The committee is also seeking to bar individuals from using persona data for commercial purposes unless the individual has sought and obtained express consent from data subject or is authorised to do so under any written law and the data person has been informed of such when collecting the data.
A March 2017 investigation by Privacy International revealed that the NIS has direct access to Kenya’s telecommunications networks, which allows intercepting both communications data and content.
And DCI boss George Kinoti, who said he was yet to get the proposed bill and go through it, cautioned that such a move was likely to erode the gains made in the fight against corruption and terrorism.
“Caution must be made to ensure that investigative agencies are not gagged so much in the way they collect their information. In any way, criminals will not willingly allow you to go through their data involving financial transactions,” he said. The move by MPs comes after the High Court ruled in May that the case against Deputy Chief Justice Philomena Mwilu, who was facing 13 charges including abuse of office, tax evasion and receiving a loan under false pretenses from Imperial Bank Ltd should not proceed as investigators had illegally accessed her bank accounts.
Justice Helen Omondi ruled that the DCI violated her rights to privacy because the manner in which they obtained the evidence was illegal, adding that this was a misuse of the court order and misrepresentation. Already, Kinoti and the Director of Public Prosecutions Noordin Haji have appealed against the ruling in the Court of Appeal.
The Kisang-led team is also seeking to increase penalties for individuals who release data without consent from two years imprisonment to 10 years imprisonment as well as a fine of Sh3 million. Defending the amendments yesterday, Kisang appealed to his colleagues to adopt the committee recommendations, as they “will go a long way in ensuring that there is civility and order in the management of personal data”.
“The amendments will also change the way the telecommunication industry operates as will curtail them from giving away data without a court orders.
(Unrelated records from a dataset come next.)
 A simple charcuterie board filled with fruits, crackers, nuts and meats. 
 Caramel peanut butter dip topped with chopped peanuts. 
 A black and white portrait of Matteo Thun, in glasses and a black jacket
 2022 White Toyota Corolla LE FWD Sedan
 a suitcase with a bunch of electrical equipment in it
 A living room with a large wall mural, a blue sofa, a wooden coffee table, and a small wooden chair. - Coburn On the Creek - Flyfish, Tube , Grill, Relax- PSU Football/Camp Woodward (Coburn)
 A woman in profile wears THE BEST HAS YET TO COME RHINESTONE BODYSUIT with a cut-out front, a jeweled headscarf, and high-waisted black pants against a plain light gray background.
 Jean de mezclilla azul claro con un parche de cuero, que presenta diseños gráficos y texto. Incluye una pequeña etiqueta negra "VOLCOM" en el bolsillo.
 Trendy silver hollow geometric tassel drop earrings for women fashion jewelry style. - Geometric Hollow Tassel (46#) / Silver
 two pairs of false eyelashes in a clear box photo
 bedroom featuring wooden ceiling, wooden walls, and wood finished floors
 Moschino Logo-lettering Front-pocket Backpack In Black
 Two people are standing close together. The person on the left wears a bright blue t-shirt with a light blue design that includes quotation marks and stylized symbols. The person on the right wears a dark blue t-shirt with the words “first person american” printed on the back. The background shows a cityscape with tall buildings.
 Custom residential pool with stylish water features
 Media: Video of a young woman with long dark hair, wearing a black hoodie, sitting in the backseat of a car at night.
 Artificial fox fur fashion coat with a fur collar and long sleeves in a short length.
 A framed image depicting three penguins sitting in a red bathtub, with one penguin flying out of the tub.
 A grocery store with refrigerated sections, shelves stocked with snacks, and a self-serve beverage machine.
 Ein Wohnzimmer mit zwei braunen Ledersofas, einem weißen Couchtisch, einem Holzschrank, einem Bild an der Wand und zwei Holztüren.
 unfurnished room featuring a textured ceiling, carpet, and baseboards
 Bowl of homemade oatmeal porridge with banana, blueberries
Those seeking information must go to court first so that people’s rights are not abused,” he said. According to the committee, the initial proposed two years is too lenient and may not serve the purpose of ensuring the protection of personal data and thus enhancing the sentence would deter persons from committing offenses.
Apart from the penalties, the bill also gives the court powers to impose more sanctions including ordering forfeiture of any equipment used or connected in an way with the commission of an offence as well as ordering the doing of any act to stop continued contravention.